By Mardi Wilson
Last month I attended a breakfast meeting about the Greater Bay Area in China, which comprises Hong Kong, Macau and nine cities in the neighbouring Guangdong province. I came away from the discussion really quite excited about what could develop in the coming years.
Why do I think this will be exciting?
For me, I am always interested what trends and economic changes are going to impact the workforce, so the potential to open up a wider pool of skilled and experienced labour would be welcome in the Hong Kong area and possibly a new way of attracting talent to the region.
However, for the legal sector — it’s not to say that overnight the market will suddenly have an influx of lawyers from over the China border. Quite the opposite in reality. Hong Kong and China operate under different legal jurisdictions. Many of the financial institutions and multinational corporations in Hong Kong look for global experience with their in-house legal teams. Will they be able to find home grown lawyers in the Greater Bay Area with the skill sets needed? Or will they still have to look overseas as is sometimes the case?

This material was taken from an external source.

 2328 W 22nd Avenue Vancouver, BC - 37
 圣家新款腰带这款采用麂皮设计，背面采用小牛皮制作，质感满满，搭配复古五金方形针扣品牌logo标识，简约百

That said, opportunities will certainly grow and looking at the long game, this makes a lot of sense. There is a rapidly increasing appetite for Mandarin speaking lawyers with great legal experience. I can see the possibility of legal skill sets of lawyers developing with time, raising the bar of legal work — regardless of whether they are mainland China or Hong Kong lawyers. Private practice firms will be able to access to lawyers in a wider job market and be able to deliver on China-related matters more easily. In-house legal teams frequently operate across offices in mainland China and Hong Kong, meaning that attracting talent to work in a different (lower cost) office location could be a benefit to the business.
Greater mobility of people in the area could mean that we see people living in one part of the Greater Bay Area and working in another. This is not unheard of by any means, it’s just a question on what kind of commute are people prepared to do. The transportation links are already in place to facilitate this with both the Hong Kong-Zhuhai-Macau Bridge and the Hong Kong–Guangzhou High Speed Train. After all, in Europe there are commuters that live in Brighton and travel 1.5-2 hours to London, people who live on the French/German sides of the side of the border but commute to Switzerland for work.
There are still questions about immigration, tax status and as I’ve mentioned, legal qualifications, that will need to be smoothed over. For the foreseeable future, it is immediately obvious that the high cost of living in Hong Kong could be eased by making it possible to live elsewhere, more cheaply, in the Greater Bay Area. Will the government plans for the Greater Bay Area be too good to resist when it comes to working and moving around the region? We’ll just have to wait and see.